Summer is ending and in Vancouver it feels like summer stopped yesterday with the first cool, rainy day of the season. Many welcome the end of summer and the coming of long-needed rain. I like it hot. When the summer stops abruptly, I grieve just a little. But I understand how people feel. Sometimes you just want it to stop. This week we are stopping our summer review of weird and wacky food-law stories and looking at cases where people just want it to stop.
Please stop defaming!
Our first case comes from right here in BC and it shows why, legally speaking, it’s a very bad thing to speak badly about your business competitors. If you diss the competition, it will usually backfire in ways you didn’t anticipate.
In 2012, VTS, a BC traffic control services company, was bidding for a lucrative BC Hydro contract alongside a competitor, the Ansan Group. Turmoil arose when a defamatory article was published, alleging corruption, bribery, and other misdeeds linked to Malak, owner of the Ansan.

While the origin of the article was initially veiled in anonymity, subsequent court findings identified the author as Remon Hanna, a former employee of Ansan who had later aligned with VTS. It was clear that there was a smear campaign as part of a strategic ploy by VTS and Hanna to tarnish the Ansan’s reputation, thereby boosting VTS’s chances of securing the lucrative contract.
Ansan and Malak sued, claiming that the defamatory article, emails and a poem posted on YouTube suggesting Ansan was “involved in corruption, bribery and money-laundering,” “kick-back schemes” and “tax evasion,” were part of a “common design” to defame the company.
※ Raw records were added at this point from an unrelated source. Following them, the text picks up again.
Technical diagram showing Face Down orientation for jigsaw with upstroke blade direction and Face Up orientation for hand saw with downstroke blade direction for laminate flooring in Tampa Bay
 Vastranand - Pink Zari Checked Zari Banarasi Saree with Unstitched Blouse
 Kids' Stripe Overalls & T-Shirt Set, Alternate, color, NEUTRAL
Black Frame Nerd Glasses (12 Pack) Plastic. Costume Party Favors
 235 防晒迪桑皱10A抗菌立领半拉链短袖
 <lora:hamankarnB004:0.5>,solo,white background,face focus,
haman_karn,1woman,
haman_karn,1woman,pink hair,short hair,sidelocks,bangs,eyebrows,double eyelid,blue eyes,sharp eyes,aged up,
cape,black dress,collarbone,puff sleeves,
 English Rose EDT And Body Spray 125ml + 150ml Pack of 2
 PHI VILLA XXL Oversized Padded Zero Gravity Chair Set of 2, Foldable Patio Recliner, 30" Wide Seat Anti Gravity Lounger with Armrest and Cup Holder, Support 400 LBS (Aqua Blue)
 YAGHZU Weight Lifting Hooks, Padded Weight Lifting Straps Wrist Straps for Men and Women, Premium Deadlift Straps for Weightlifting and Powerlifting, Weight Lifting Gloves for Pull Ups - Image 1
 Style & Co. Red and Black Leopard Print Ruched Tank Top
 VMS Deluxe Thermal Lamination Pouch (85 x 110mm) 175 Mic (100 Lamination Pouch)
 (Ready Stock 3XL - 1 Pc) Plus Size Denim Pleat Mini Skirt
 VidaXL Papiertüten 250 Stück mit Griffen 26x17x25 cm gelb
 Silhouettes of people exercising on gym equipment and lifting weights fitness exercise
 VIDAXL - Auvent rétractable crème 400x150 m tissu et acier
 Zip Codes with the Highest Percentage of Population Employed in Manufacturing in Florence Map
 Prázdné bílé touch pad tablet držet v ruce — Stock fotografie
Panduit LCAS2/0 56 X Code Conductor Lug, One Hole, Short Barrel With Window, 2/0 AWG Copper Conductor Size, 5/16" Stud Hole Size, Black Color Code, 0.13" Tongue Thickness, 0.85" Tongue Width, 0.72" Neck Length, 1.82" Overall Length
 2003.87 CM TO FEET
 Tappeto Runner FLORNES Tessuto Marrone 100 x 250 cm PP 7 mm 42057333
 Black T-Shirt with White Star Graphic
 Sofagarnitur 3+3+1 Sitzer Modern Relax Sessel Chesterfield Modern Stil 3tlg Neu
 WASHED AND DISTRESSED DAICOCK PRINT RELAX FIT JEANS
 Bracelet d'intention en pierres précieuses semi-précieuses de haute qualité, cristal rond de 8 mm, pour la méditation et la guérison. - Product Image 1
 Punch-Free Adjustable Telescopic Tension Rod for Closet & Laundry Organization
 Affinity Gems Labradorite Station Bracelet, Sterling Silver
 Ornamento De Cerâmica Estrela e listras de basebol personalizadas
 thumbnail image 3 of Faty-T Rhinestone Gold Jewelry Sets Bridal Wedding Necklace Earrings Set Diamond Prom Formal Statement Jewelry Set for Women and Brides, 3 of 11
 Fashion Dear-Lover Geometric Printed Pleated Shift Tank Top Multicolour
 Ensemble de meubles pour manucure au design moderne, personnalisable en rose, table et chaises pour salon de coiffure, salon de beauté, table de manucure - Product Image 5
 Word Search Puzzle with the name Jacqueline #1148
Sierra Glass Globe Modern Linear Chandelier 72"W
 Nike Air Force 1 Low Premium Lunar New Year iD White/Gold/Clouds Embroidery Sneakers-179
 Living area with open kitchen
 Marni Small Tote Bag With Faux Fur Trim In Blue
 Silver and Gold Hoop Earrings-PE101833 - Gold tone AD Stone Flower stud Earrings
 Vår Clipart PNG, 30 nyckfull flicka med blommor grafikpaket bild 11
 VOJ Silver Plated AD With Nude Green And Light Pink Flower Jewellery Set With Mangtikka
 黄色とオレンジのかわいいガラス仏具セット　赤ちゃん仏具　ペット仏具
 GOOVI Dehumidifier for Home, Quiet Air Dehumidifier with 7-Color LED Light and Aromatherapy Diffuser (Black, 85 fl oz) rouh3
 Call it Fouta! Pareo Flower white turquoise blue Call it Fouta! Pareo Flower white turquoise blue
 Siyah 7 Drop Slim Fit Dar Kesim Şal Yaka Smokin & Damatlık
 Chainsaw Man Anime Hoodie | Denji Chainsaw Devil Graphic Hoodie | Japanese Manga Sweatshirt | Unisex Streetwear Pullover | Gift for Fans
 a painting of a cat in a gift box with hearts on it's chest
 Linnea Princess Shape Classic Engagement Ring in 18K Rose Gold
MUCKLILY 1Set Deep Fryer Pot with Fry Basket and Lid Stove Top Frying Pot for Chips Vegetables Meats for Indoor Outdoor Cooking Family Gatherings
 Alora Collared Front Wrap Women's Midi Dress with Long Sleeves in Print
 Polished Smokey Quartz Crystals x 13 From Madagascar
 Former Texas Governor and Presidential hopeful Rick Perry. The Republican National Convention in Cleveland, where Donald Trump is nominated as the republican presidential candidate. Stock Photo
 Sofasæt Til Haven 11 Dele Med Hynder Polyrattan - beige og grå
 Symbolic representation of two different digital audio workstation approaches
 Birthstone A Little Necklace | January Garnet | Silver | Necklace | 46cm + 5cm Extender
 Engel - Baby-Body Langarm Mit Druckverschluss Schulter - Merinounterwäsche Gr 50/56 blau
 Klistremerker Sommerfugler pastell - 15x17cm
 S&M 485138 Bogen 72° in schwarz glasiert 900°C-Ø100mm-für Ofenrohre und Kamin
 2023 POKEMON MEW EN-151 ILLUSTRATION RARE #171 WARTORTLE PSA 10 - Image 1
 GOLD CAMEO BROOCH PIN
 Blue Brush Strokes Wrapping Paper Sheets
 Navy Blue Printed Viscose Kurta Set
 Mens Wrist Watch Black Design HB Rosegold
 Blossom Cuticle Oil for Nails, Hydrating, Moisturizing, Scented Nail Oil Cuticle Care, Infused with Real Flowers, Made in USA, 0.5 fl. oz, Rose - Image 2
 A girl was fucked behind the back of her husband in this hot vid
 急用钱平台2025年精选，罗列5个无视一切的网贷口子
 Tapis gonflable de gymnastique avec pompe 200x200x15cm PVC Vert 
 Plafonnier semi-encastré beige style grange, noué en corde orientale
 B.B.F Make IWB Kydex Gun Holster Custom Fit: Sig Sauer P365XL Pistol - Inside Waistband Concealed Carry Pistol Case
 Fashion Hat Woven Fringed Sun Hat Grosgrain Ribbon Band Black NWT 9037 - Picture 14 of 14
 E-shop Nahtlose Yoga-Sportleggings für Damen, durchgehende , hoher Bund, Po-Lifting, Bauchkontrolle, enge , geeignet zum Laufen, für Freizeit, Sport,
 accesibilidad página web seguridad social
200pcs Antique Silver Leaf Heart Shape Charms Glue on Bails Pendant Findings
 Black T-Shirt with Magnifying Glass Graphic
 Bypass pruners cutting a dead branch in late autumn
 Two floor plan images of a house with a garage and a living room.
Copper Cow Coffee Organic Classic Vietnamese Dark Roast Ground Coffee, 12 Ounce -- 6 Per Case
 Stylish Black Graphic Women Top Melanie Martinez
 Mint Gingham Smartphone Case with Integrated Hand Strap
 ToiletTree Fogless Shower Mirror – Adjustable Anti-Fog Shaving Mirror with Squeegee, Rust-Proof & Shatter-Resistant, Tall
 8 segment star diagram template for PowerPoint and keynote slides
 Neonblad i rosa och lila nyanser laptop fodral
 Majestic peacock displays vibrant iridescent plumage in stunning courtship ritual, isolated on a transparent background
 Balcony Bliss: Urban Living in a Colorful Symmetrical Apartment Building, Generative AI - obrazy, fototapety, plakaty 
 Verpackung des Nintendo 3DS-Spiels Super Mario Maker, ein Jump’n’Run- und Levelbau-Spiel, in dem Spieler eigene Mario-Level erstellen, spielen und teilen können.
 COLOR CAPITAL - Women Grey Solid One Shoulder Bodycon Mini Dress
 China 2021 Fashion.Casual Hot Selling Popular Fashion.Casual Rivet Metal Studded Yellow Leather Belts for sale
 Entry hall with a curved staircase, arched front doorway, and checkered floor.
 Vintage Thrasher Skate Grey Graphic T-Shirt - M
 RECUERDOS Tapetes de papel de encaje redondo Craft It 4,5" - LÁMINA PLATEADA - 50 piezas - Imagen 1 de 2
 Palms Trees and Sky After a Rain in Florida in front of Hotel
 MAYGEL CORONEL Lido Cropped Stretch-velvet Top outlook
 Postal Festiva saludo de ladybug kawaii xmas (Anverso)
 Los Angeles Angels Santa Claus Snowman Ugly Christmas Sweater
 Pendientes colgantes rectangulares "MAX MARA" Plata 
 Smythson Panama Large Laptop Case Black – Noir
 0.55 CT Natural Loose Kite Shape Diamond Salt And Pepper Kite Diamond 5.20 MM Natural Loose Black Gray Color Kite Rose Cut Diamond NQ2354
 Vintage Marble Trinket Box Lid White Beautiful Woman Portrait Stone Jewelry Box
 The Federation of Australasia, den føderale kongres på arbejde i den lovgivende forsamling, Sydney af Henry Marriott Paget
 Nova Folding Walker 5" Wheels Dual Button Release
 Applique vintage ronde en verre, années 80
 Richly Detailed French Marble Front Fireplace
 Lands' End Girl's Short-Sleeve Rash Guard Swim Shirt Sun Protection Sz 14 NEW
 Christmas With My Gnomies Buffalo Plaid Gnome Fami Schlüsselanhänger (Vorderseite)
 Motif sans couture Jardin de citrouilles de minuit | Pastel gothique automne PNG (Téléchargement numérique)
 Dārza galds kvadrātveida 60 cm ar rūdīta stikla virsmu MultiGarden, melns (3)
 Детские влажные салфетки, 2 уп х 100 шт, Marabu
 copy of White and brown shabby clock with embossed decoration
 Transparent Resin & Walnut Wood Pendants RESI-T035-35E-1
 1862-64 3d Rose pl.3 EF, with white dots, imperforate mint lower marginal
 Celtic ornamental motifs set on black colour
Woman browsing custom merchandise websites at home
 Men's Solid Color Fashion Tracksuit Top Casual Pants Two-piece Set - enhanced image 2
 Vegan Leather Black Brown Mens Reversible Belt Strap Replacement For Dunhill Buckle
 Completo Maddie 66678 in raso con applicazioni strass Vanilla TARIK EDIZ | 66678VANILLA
Their goal was to improve the odds that VTS would be awarded the contract.
The owners of VTS denied the allegations, claiming Hanna acted on his own when he carried out the defamation campaign.
This matter went on for years but the court rendered the decision just earlier this month. The court concluded that that Hanna and the owners and principals of VTS worked together on the defamation campaign, despite their denials, and awarded Ansan $2.4 million in damages.
One would imagine that the people who own and run Ansan group just wanted to make it stop. In the end the damages were significant and probably far more significant than VTS imagined when they set out on this campaign of defamation.
As lawyers we don’t speak badly about other lawyers because doing so is not professional and it’s a violation of ethical obligations. Besides, we rely on our history of doing good legal work to generate more work. Just like in the world of traffic control services, if a lawyer tries to enhance their business by dissing others, it merely reflects poorly on them.
Please stop singing!
Vivek Ramaswamy is a long-shot candidate for the Republican nomination, hoping to run for president in 2024. Eminem is a rap music artist of some note. One would not see how these two are linked until you learn that at a recent campaign event, Ramaswamy mounted an apparent impromptu performance of Lose Yourself by Eminem.
Ramaswamy holds himself out as a fan. Eminem is clearly not a fan of Ramaswamy because his lawyers promptly wrote to Ramaswamy to notify him to cease and desist from using Eminem’s property (music, lyrics, product of his artistic work) for any further campaign use. If there was any license to use the work, Eminem notified Ramaswamy that the license was revoked.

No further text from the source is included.